Posted June. 22, 2023 07:59,   

Updated June. 22, 2023 07:59


A pretty girl sits alone at a cemetery, her white blouse dropping down from one of her shoulders. Her tearful eyes, full of tears, look upward. What may she be looking at? What has brought her here?

“Orphan Girl at the Cemetery,” painted by Eugène Delacroix in 1824, features a great depth of dimness and loneliness. As the title implies, this girl is left alone without her parents. Given that she is alone even until sundown in the cemetery, she may not have any relatives to turn to or any place to stay.
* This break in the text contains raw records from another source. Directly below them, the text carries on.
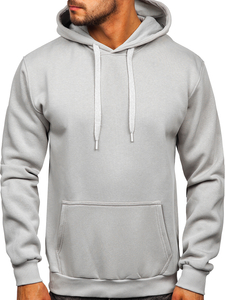 Sweat-shirt gris kangourou à capuche pour homme Bolf B1004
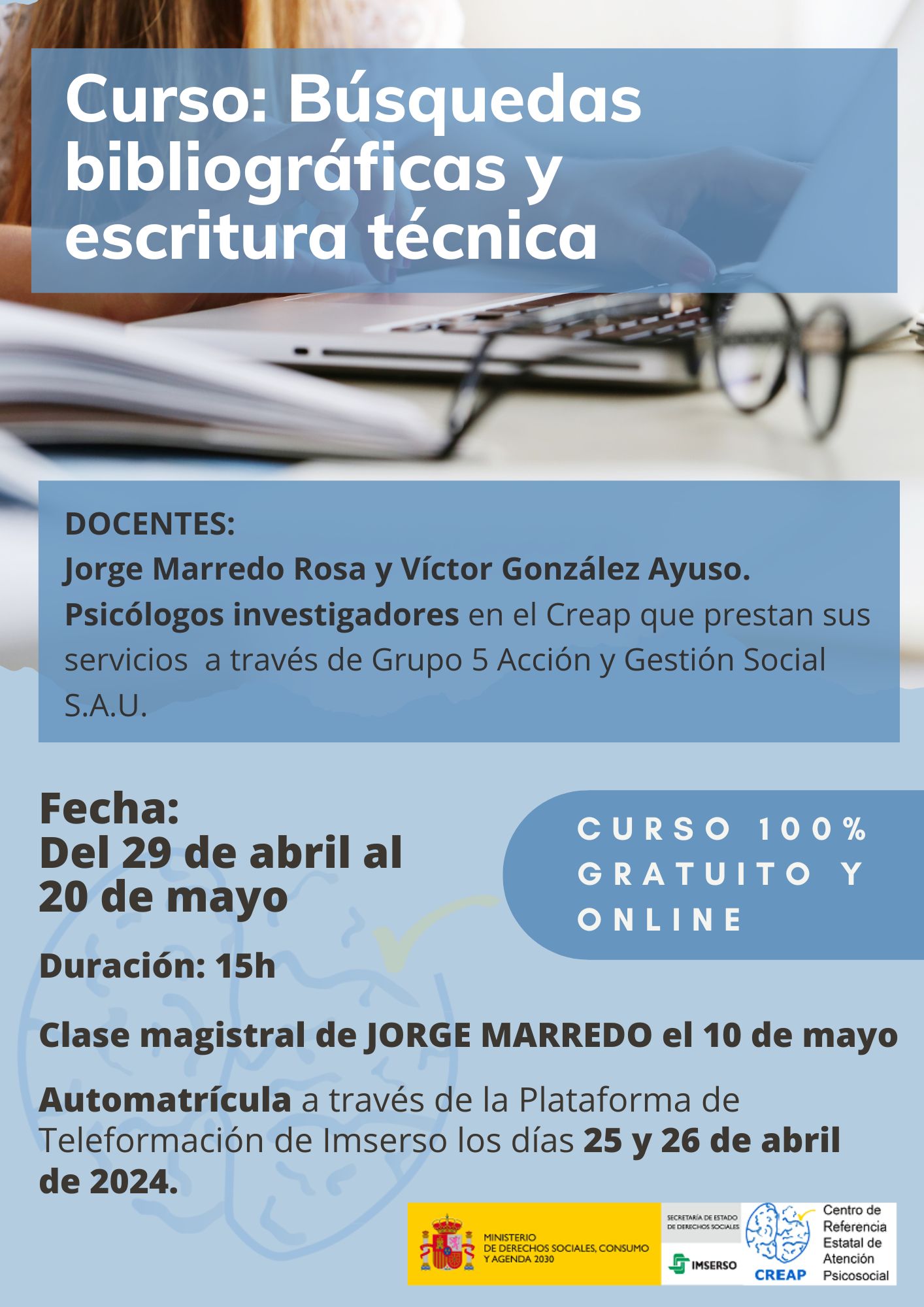 Cartel del curso Búsquedas bibliográficas y escritura técnica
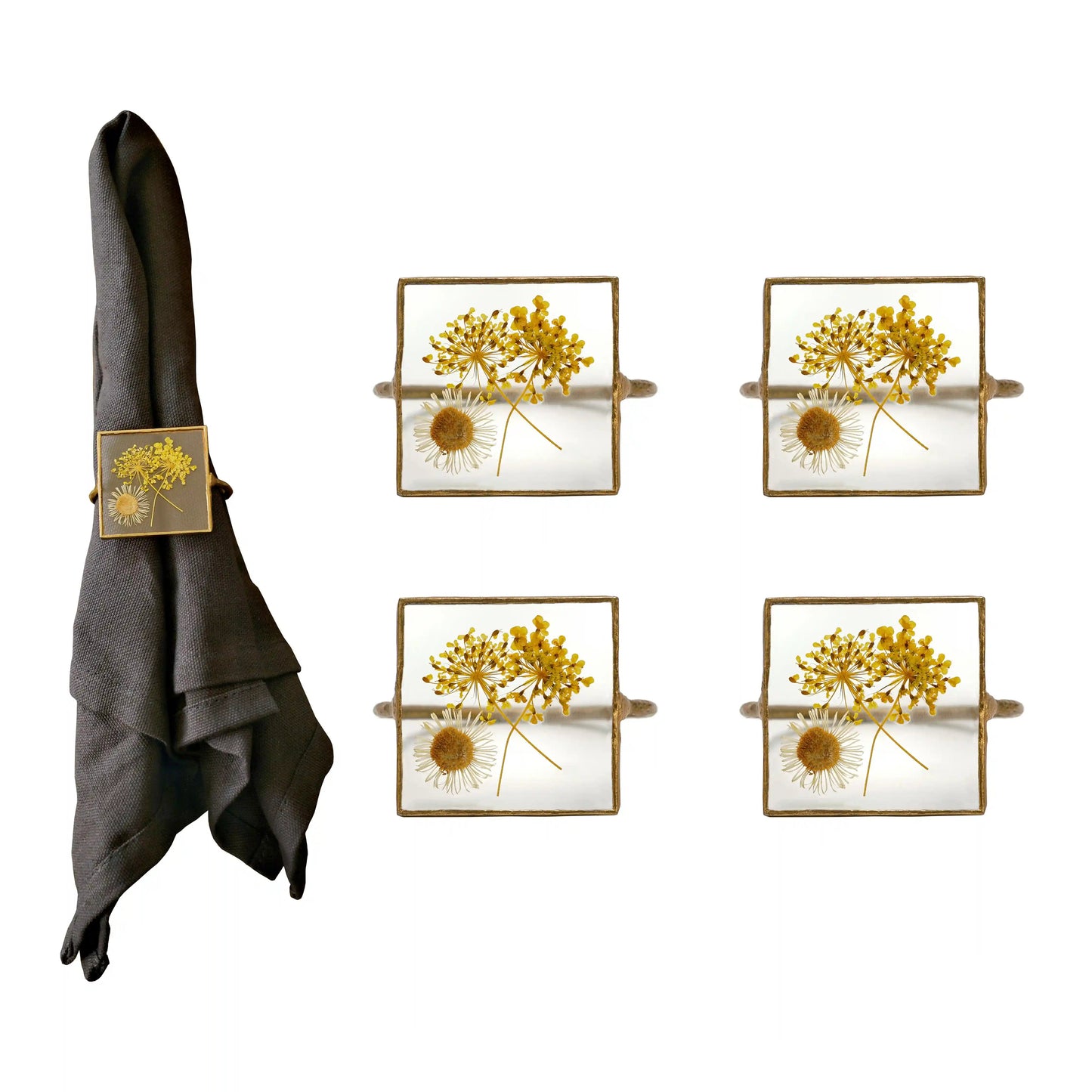 Set of 4 Square Handmade Dried Pressed Flower Glass Napkin Rings - ILLUMEANapkin Ring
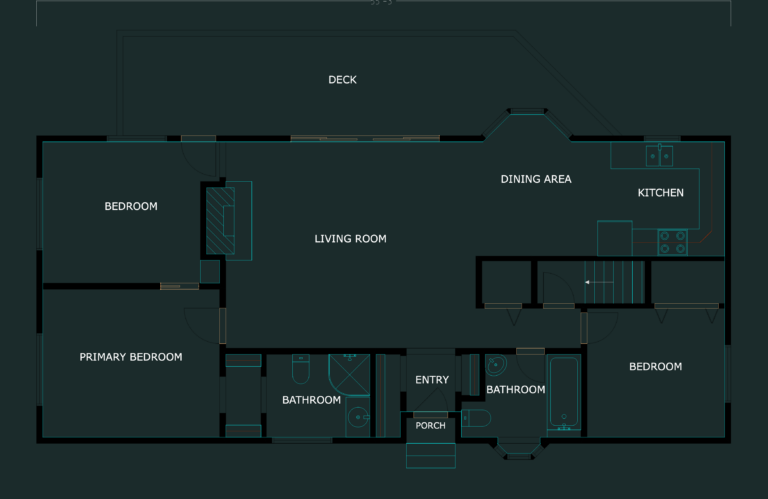 2D architectural floor plan of a three-bedroom house with a deck, living room, and kitchen.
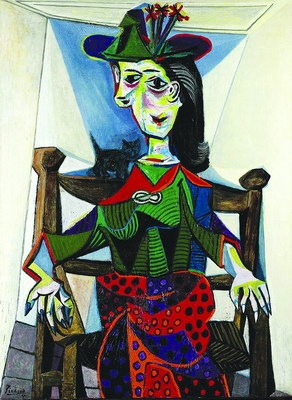 Pablo Picasso: Dora Maar macskával, 1941, olaj, vászon, 130×97 cm, magántulajdon
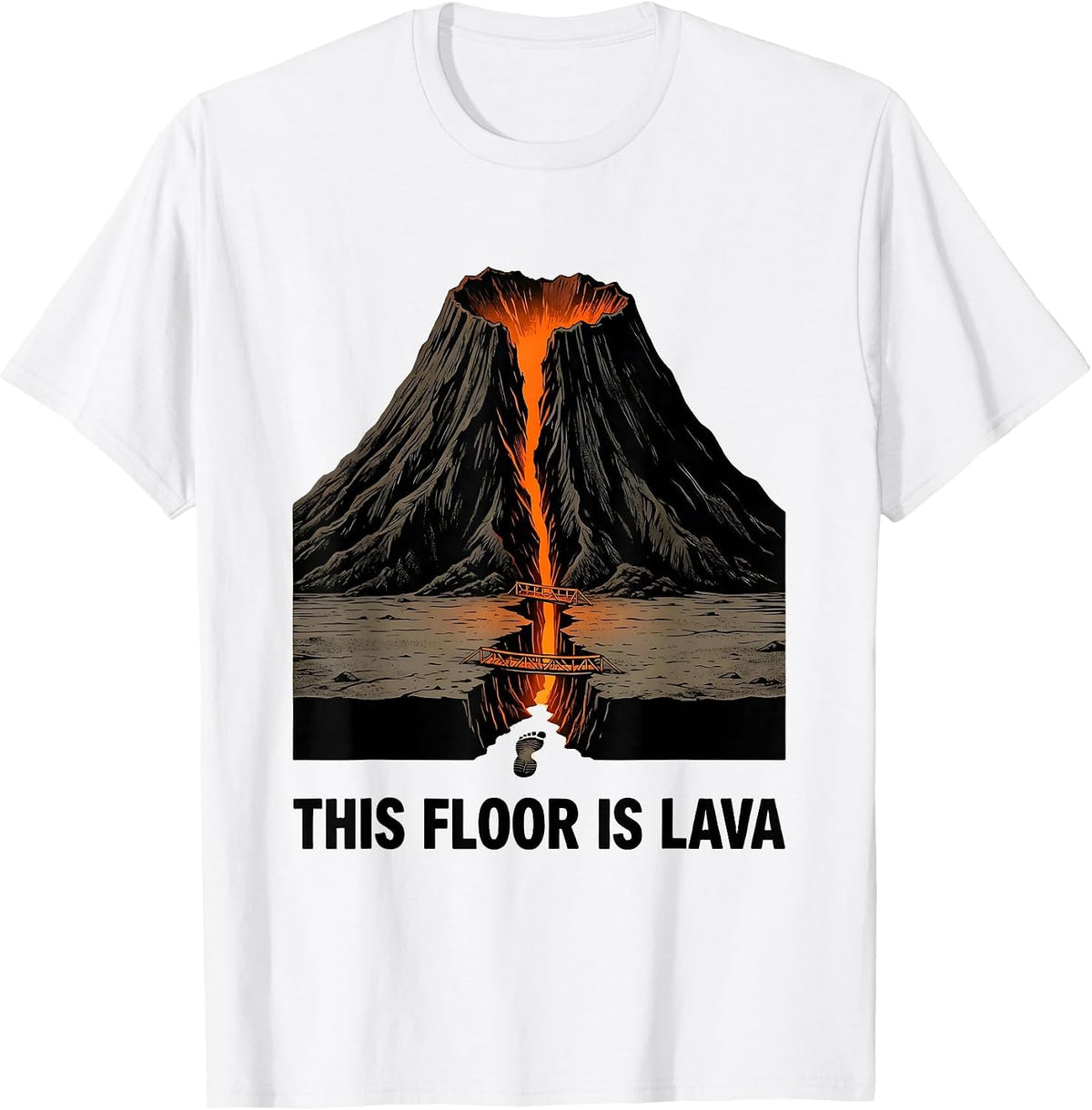 Men's This Floor Is Lava Funny Volcano History Geography Humor T-Shirt - White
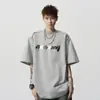 Camiseta de Manga Corta Estilo Americano de Peso Pesado con Estampado de Letras para Hombre, Marca Nueva de Tendencia Verano 2025, Camiseta Casual Holgada de Media Manga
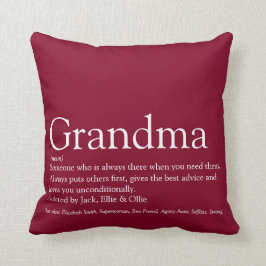 Världens bästa mormor farmor definition vinröd kudde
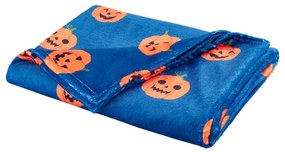 Niebieski/pomarańczowy koc z motywem Halloween z mikropluszu 130x170 cm Halloween Pumpkins – Catherine Lansfield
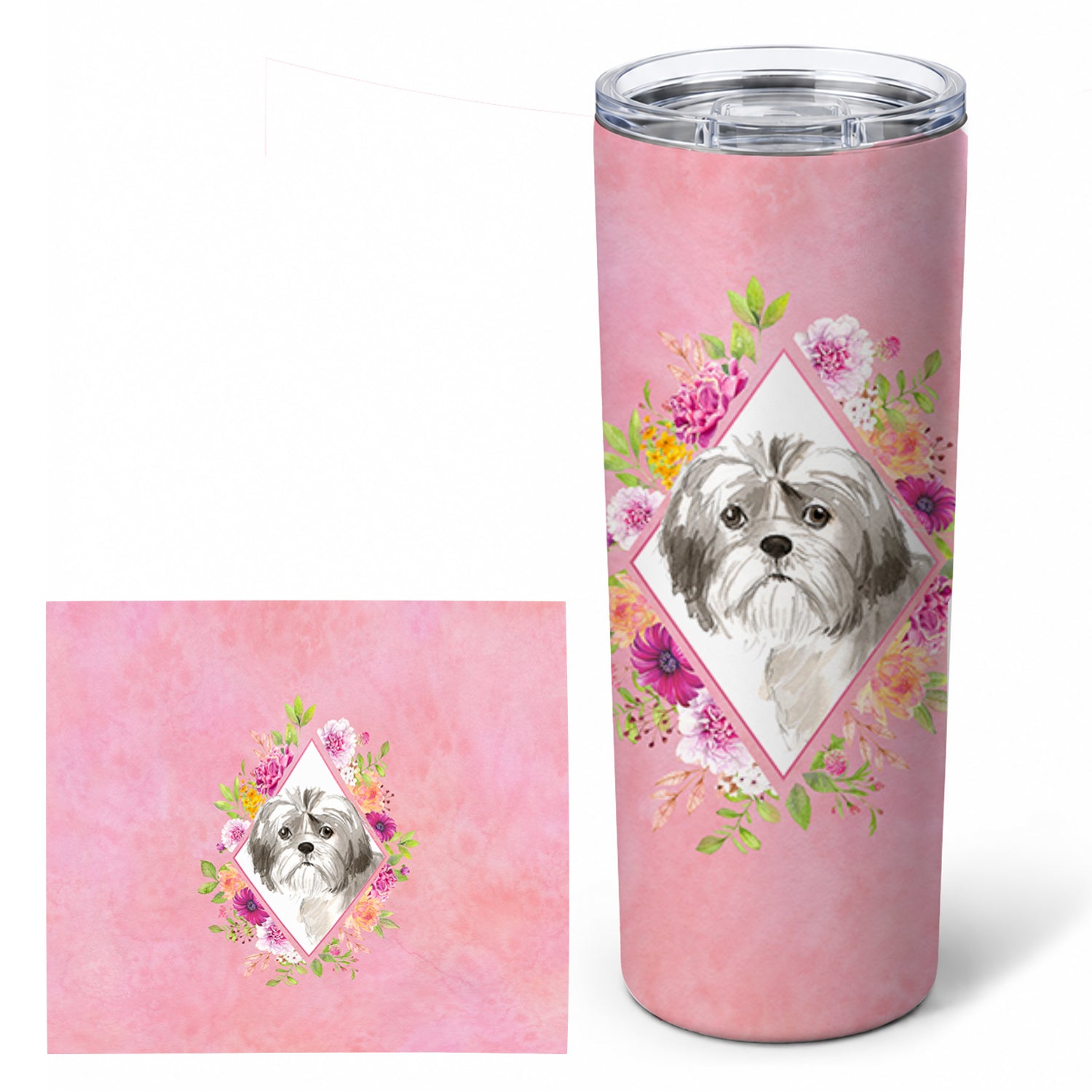 Shih Tzu Puppy Pink Flowers Stainless Steel Skinny Tumbler 20 oz Vacuum Double Walled Reusable Insulated Travel Cup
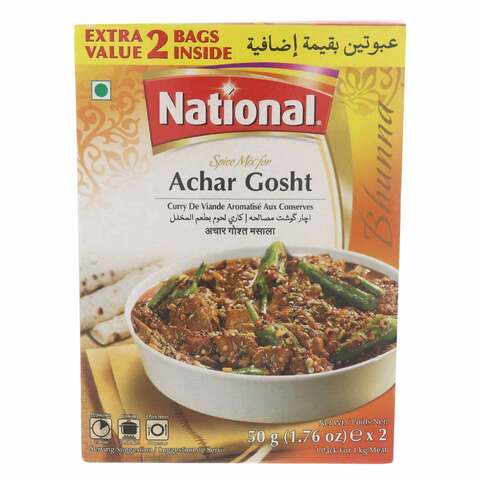 National Spice Mix Achar Ghost 50g x Pack of 2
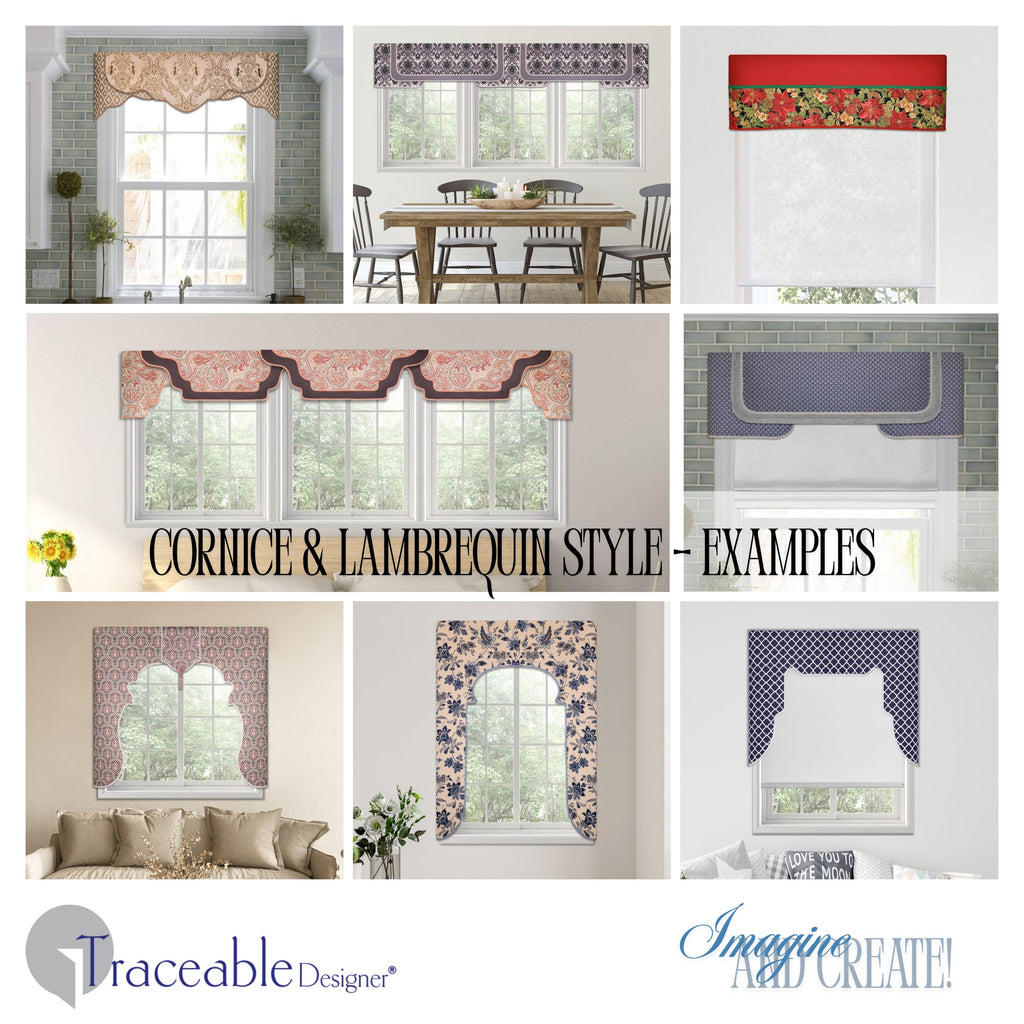 Traceable Designer Deluxe no-sew valance kit. Make custom cornices, and adjustable length lambrequins style valances without sewing. Rod pocket styles for curtain rods. Fit all window sizes and styles. No wood board or Styrofoam.
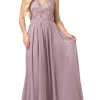 V-Neck Chiffon Formal Evening Dress with Embroidery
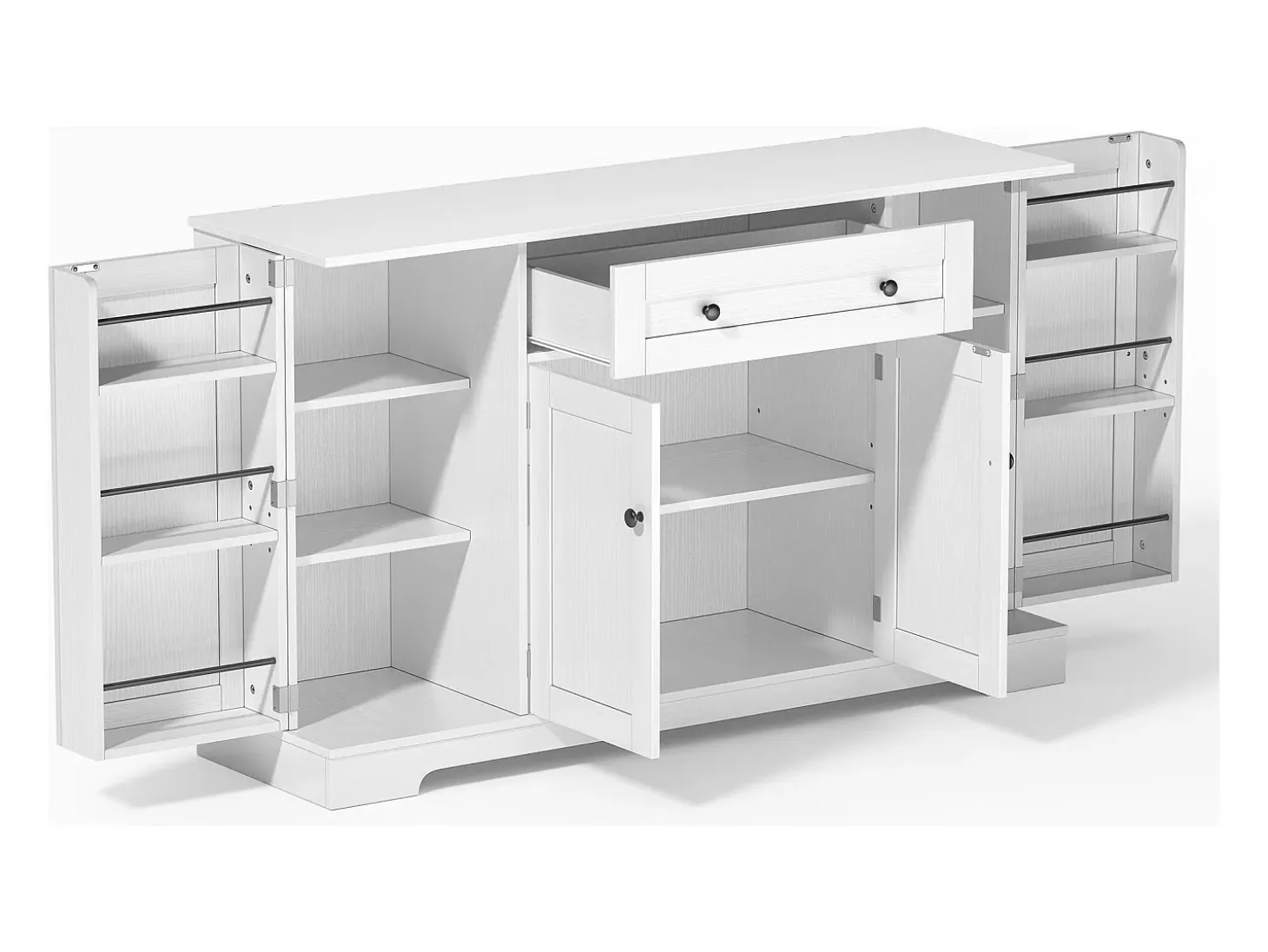 Aparador de cocina 138x40x85cm con 4 puertas y 1 cajón, cuerpo de MDF blanco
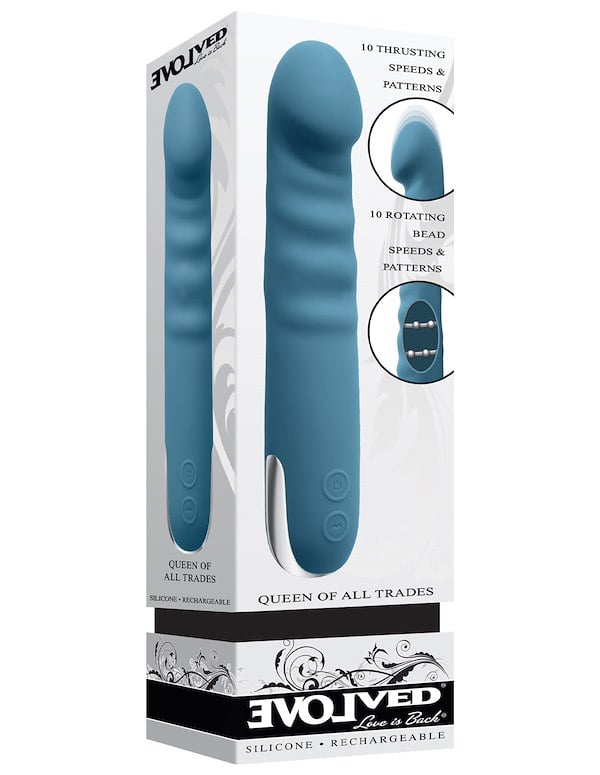 Queen Of All Trades Thrusting Vibrator With Beads ALT2 view Color: BL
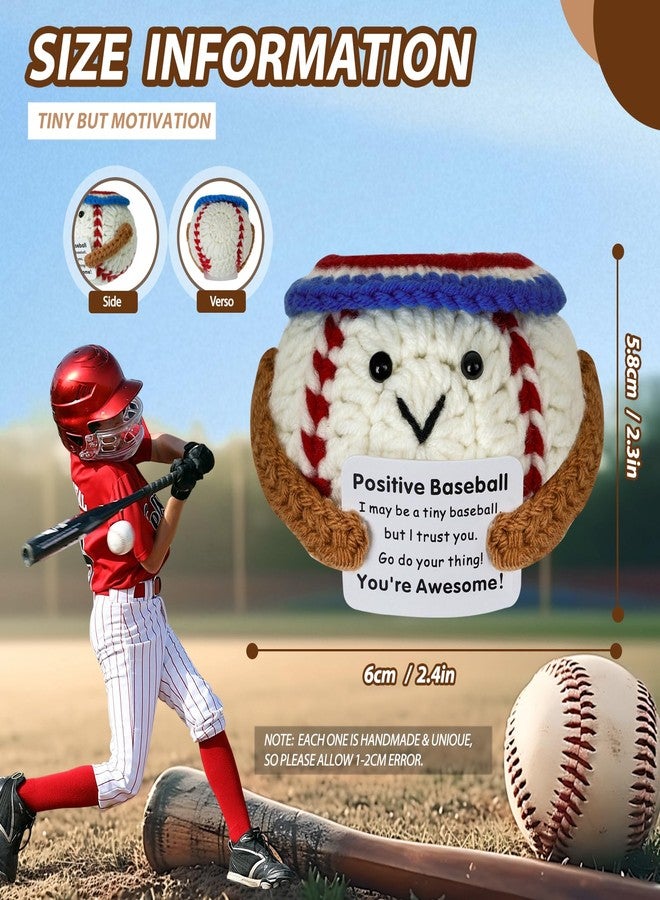 MaiTianna Crochet Baseball Gift, Mini Funny Crochet Toy, Creative Cute Life Doll with Encouragement Card Emotional Support Gift for Sports Birthday Party Table Decoration - Image 2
Delacroix worked on this painting not long after he debuted at the Salon in Paris in his mid-20s. His artistic interests in mythology and literature led the painter to choose related topics over the realities of the 19th century where he lived. Even his first work for the Salon was also inspired by Dante. However, news about the Greek War of Independence made him eager to gain recognition as a history painter by dealing with political events of his time. In April 1822, the Osman Turkish rulers of Greece brutally mass-killed some residents and enslaved others on Chios Island, which immediately enraged many European people, including Delacroix. To reveal the wrongdoings of the killers and warn about the fears and misery of war, he painted a four-meter-high work titled “The Chios Massacre.”

The portrait of the orphan is one of the studies he did before embarking on this large-scale project. This poor girl probably mirrors the fragments of the artist’s childhood days. The young boy, born to an up-class family in Paris, lost his father and mother at the age of 7 and 16, respectively, and ended up being raised by his sister, struggling financially.

Looking upward, her eyes, scared, shed tears. Distressed, she may be looking at the skies, presumably searching for God. Otherwise, might she feel resentful about Him? This miserable painting only reminds us that the weakest are most devastated by war.